Charlemagne les bras croisés devant le visage, tête baissée se courbe, titube, s’enfuit, tandis que l’on entend les hennissements de Bayard et les sonneries du cor qui lentement s’éteignent.
MAUGIS, se tournant vers les fées.

Et maintenant mes belles, à votre tour, dansez.

LE PREMIER NUTON.

Légères, comme des libellules sur un ruisseau bondissant.

LE DEUXIÈME NUTON.

Souples, comme des truites en rivière.

TROISIÈME NUTON.

Rapides, comme l’hirondelle rasant le sol avant la pluie.

QUATRIÈME NUTON.

Et belles… comme ma belle du moulin.

LES TROIS NUTONS éclatent de rire, le bourrent de coups, tandis qu’ils crient tous.
LES TROIS NUTONS.

Ha ! Ha ! Ha ! Ha !

LE QUATRIÈME NUTON.

Hi ! Hi ! Hi ! Hi !

Les fées pendant ceci se sont apprêtées pour la danse.
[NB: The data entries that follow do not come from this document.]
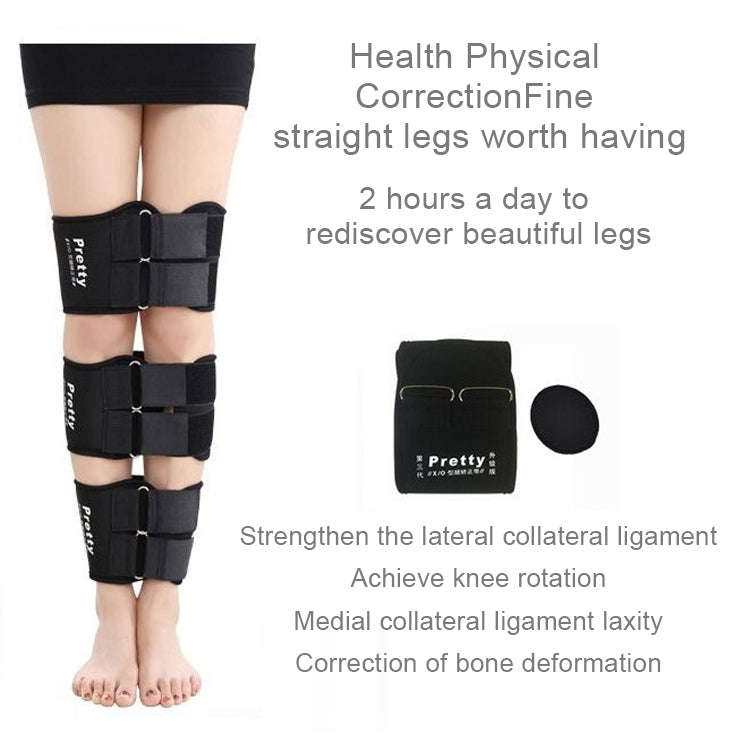 3 PCS/Set Leg Posture Corrector O/X-type Bowlegs Orthotic Bandage Straightening Belt Band, Size: XL(Black) - Corrector by PMC Jewellery | Online Shopping South Africa | PMC Jewellery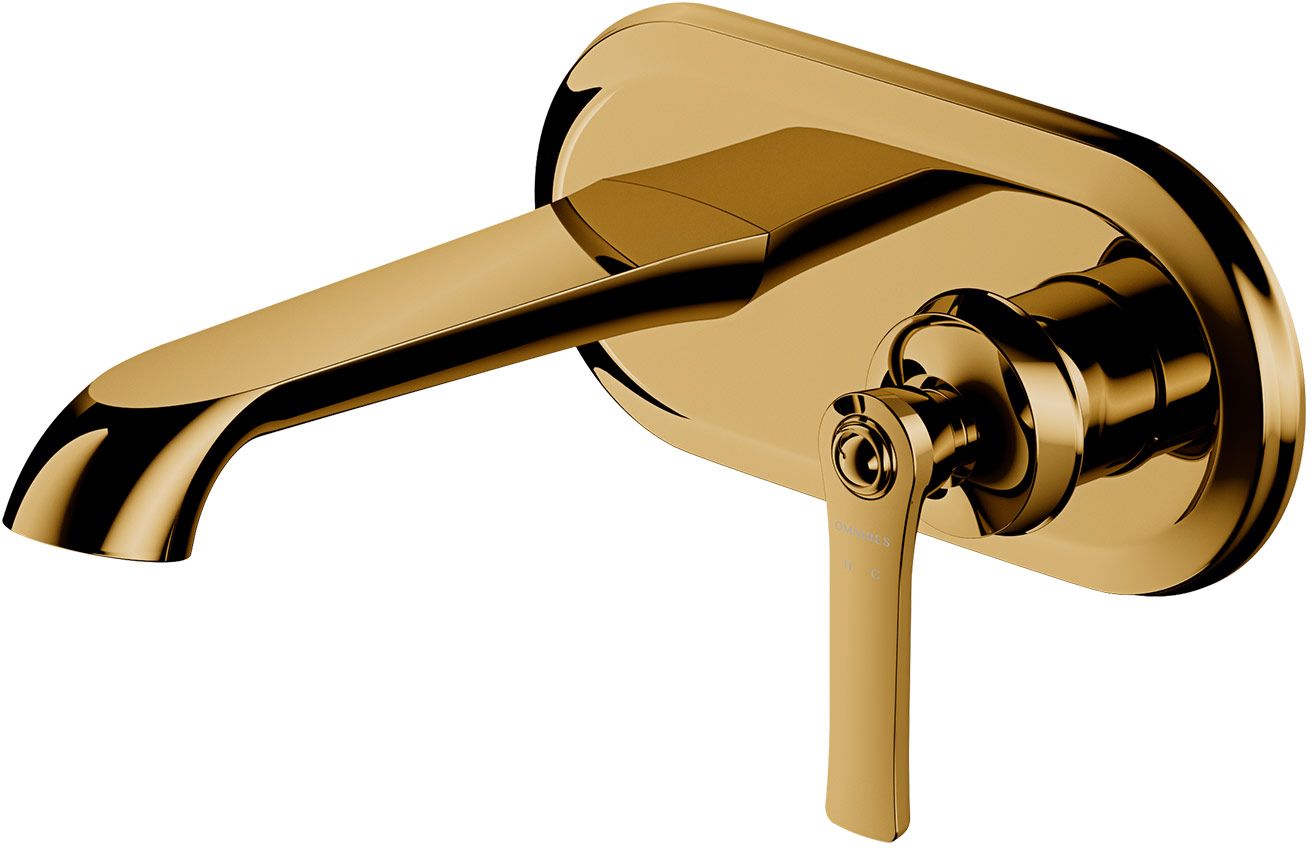 Omnires Armance rubinetto per lavabo da incasso oro AM5215GL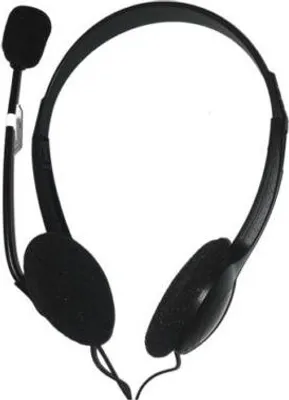 Image de ITB LOEN-HTM-05/3.5 Casque de bureau stéréo filaire, noir, supra-auriculaire, jack 3,5 mm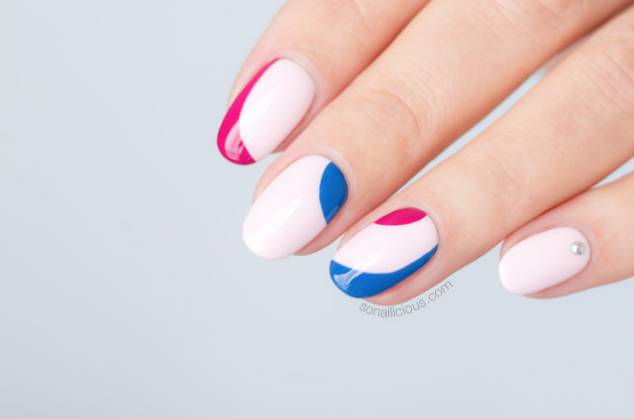 好看又好做的美甲diy教学,美甲小技巧学会在家就能做哦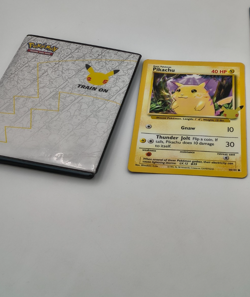 Pokemon PIKACHU Train On Binder With Pikachu 58/102 Jumbo Card - Image 1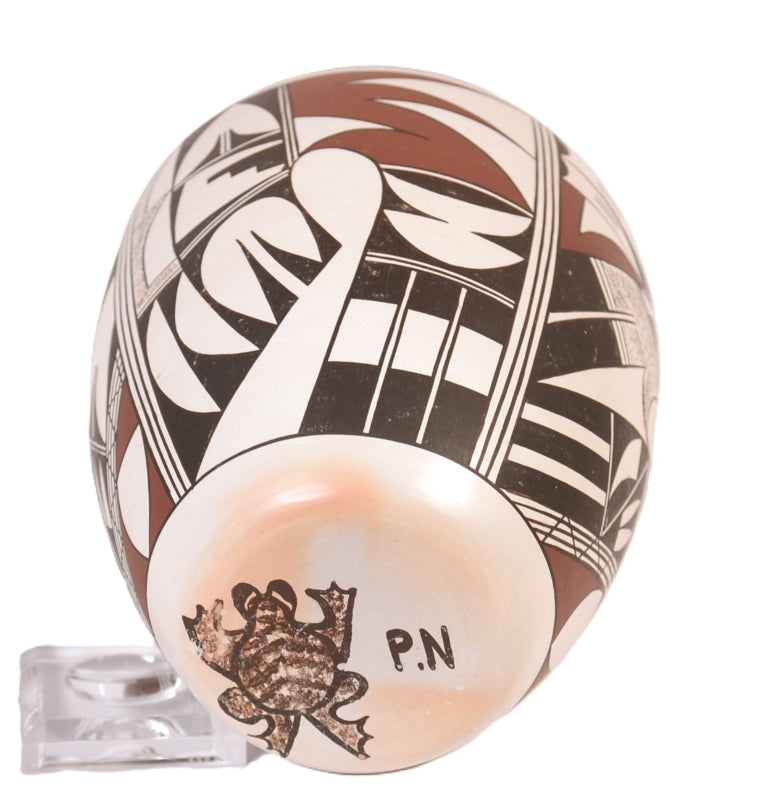 Hopi Pueblo White Jar Polychrome Pottery Vase By Frog Woman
Et c’est dans le bois la danse des fées symbolisant la douceur des eaux qui dansent dans la forêt d’Ardenne, sur les pierres éboulées, parmi les arbres et les fleurs, au doux chant des oiseaux.
(La toile tombe.)
  1. En patois : frais genièvre.
  2. Il le fera encore : patois.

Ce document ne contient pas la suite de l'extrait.